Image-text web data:
= Beginning of Section =
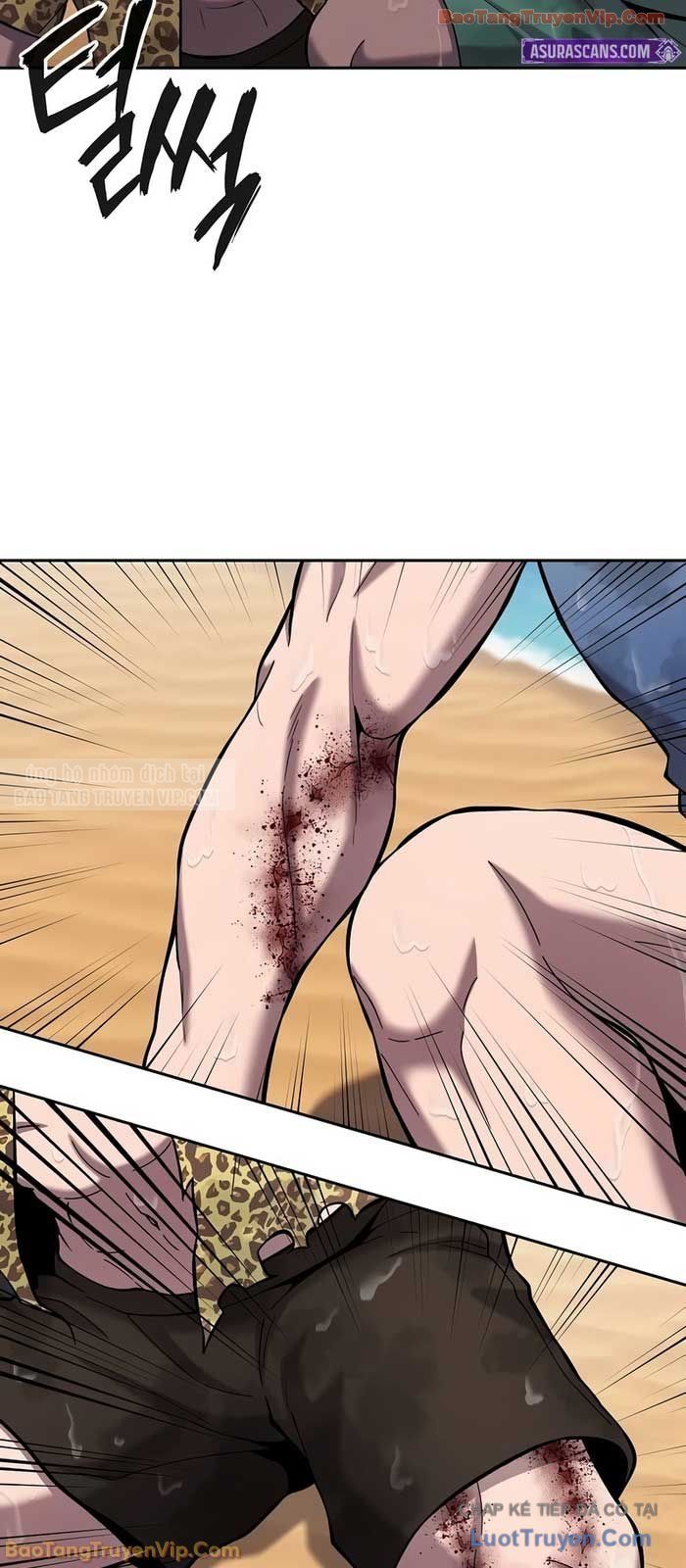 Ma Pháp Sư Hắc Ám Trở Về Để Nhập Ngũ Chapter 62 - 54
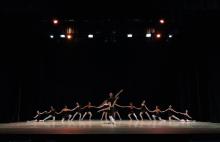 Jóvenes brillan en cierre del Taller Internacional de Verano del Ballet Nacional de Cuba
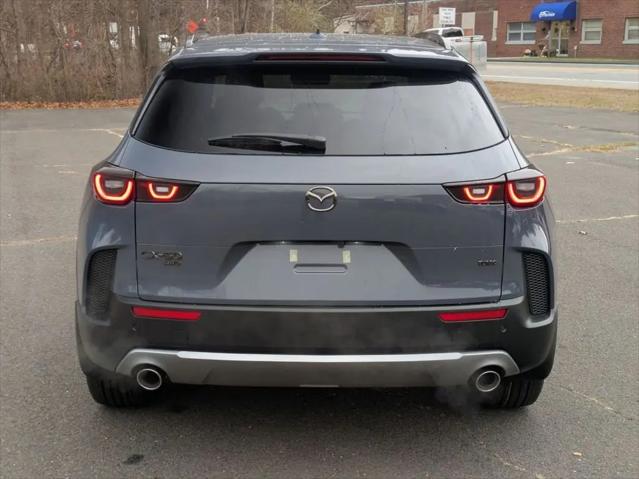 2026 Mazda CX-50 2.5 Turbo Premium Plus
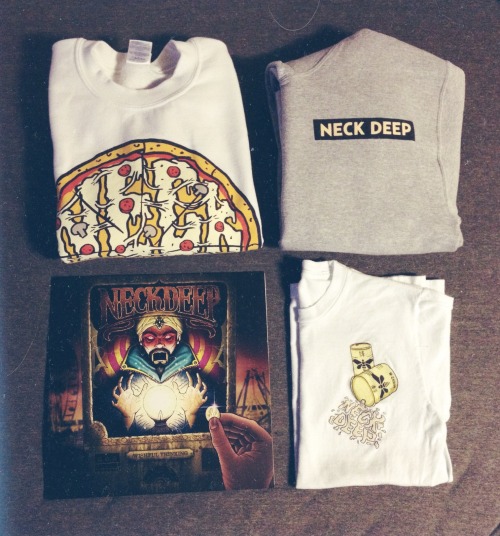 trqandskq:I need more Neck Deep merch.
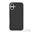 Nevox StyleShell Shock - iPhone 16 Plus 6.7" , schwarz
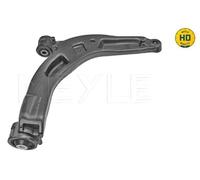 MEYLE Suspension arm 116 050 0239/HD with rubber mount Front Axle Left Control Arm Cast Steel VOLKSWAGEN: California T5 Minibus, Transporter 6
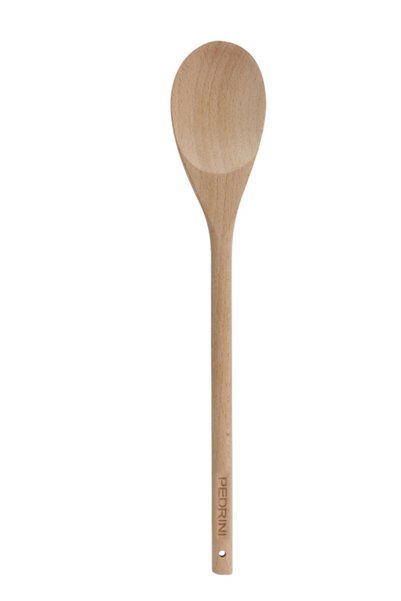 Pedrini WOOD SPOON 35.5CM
= End of Section =
▶ [TASK STATEMENT]: Please repeat every record exactly as it stands, leaving out any pictures.

▶ [EXERCISE ANSWER]:
 Ma Pháp Sư Hắc Ám Trở Về Để Nhập Ngũ Chapter 62 - 54
 Jóvenes brillan en cierre del Taller Internacional de Verano del Ballet Nacional de Cuba
 2026 Mazda CX-50 2.5 Turbo Premium Plus
 trqandskq:I need more Neck Deep merch.
 Nevox StyleShell Shock - iPhone 16 Plus 6.7" , schwarz
 MEYLE Suspension arm 116 050 0239/HD with rubber mount Front Axle Left Control Arm Cast Steel VOLKSWAGEN: California T5 Minibus, Transporter 6
 Pedrini WOOD SPOON 35.5CM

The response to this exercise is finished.